Paramaribo, Suriname — After a three-month lull in the fighting, rebel forces are mounting new attacks against Lt. Col. D'esi Bouterse's left-leaning military regime in this remote South American nation. Guerrillas under the command of Ronny Brunswijk, Colonel Bouterse's former bodyguard, began launching new assaults in eastern Suriname in mid April.
Since then the rebels have:
Overrun a major military post at Brownsweg, killing five government soldiers and putting the rebels within 10 miles of the vital hydroelectric dam at Afobaka.
Attacked the towns of Moengo and Albina, and blown up three bridges on the road linking the capital with Moengo.
Dynamited a bridge on the road leading to the Afobaka dam and blown up an electrical tower. The later attack reduced the capital's power supply by 25 percent.
All major roads in the country, except one, are now subject to sudden guerrilla assault.
``If our Army was bigger, it could do something,'' said Lt. Edward Demees, director of the official Suriname News Agency.
The government has about 2,000 soldiers, while the rebel forces are only a few hundred. Most of the guerrillas come from the jungle-wise ``bush Negro'' ethnic group, translated from the Dutch word bosneger.
Suriname, a former Dutch colony, has been the scene of hit-and-run guerrilla attacks for the last 10 months, ever since Mr. Brunswijk, a bosneger, began his revolt last spring following a pay dispute with the Army leadership. Brunswijk and his bosneger comrades are the descendants of escaped African slaves who defeated the Dutch colonialists and built a proud culture in the dense jungle. The bosneger comprise about 10 percent of the nation's 400,000 populace.
The rebels say they want to oust Bouterse, who came to power in a 1980 coup, and they want to restore democracy. Under the guerrillas' pressure, Bouterse has pledged to hold a referendum on a new constitution in September and conduct elections for the National Assembly on Nov. 25. According to the proposed constitution, the National Assembly will select a president.
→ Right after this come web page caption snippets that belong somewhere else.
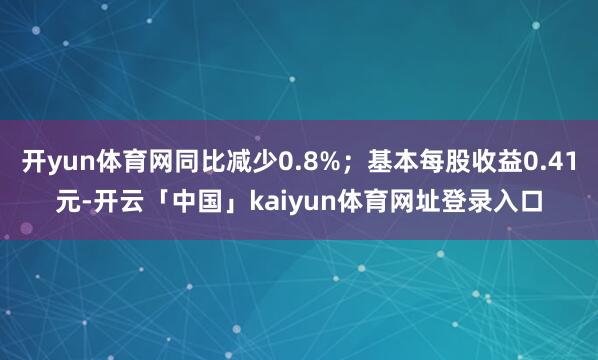 开yun体育网同比减少0.8%；基本每股收益0.41元-开云「中国」kaiyun体育网址登录入口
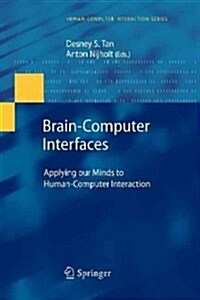 Brain-Computer Interfaces : Applying Our Minds to Human-Computer Interaction (Paperback)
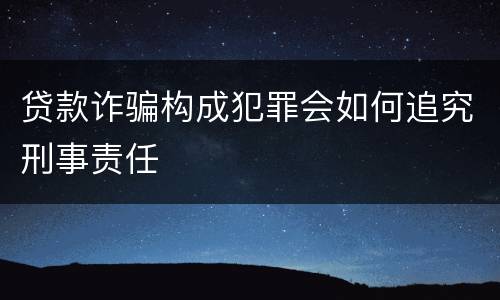 贷款诈骗构成犯罪会如何追究刑事责任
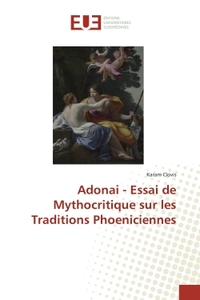 Adonai - essai de Mythocritique sur les Traditions Phoeniciennes
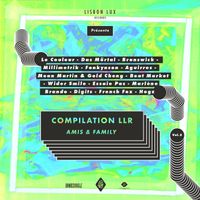 Compilation LLR Vol. 2 - Amis & Family de Lisbon Lux Records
Michel van Rey, a former Army lieutenant who is now second in command of the rebels, told reporters in the Netherlands last month that the guerrillas would disrupt the elections because the proposed constitution would allow Bouterse to remain in power.
Mr. Van Rey, former President Henk Chin A Sen, and Eddy Josefzoon, a bosneger educated in the Netherlands, are traveling in Europe and the United States to rally support for the insurgents, who call themselves the Suriname National Liberation Army.
Both the government and the rebels are seeking more weapons from foreign sources. The government has leased a helicopter from a Venezuelan company, outfitted it with machine guns, and staffed it with two US pilots.
So far the insurgents have been unable to rally support outside of the large Suriname 'emigr'e community in Amsterdam.
The rebels appeared close to a military victory last November when they took control of Moengo, cut off Albina, and threatened to shoot down airplanes using the international airport near the capital.
But government troops mounted a counteroffensive in December and January, retaking Moengo and sweeping through bosneger villages in the eastern district of Marowijne. Most observers see the two sides now as evenly matched, with Brunswijk controlling the countryside but unable to take the capital.
Up to 100 civilians were shot by soldiers during the government counteroffensive, according to well-informed sources, causing some 8,000 villagers to flee to French Guiana, were they are living in refugee camps. In an interview, Foreign Minister Henk Heidweiller called the civilian deaths ``tragic.'' He said the government will investigate the killings.
A European diplomat in Paramaribo who asked not to be identified said the recent surge in fighting suggests that the Army's heavy hand against civilians has pushed more young bosneger into rebel ranks.
Stanley Rensch, a bosneger of the Saramakan tribe who was educated in the Netherlands and now trains teachers in Paramaribo, said the rebellion has been building in the villages long before Bouterse.
The government's construction of a hydroelectric dam forced some 6,000 Saramakans out of their homes in the 1960s and, even more importantly, flooded bosneger religious shrines and the graves of revered ancestors who had won their freedom from the Dutch.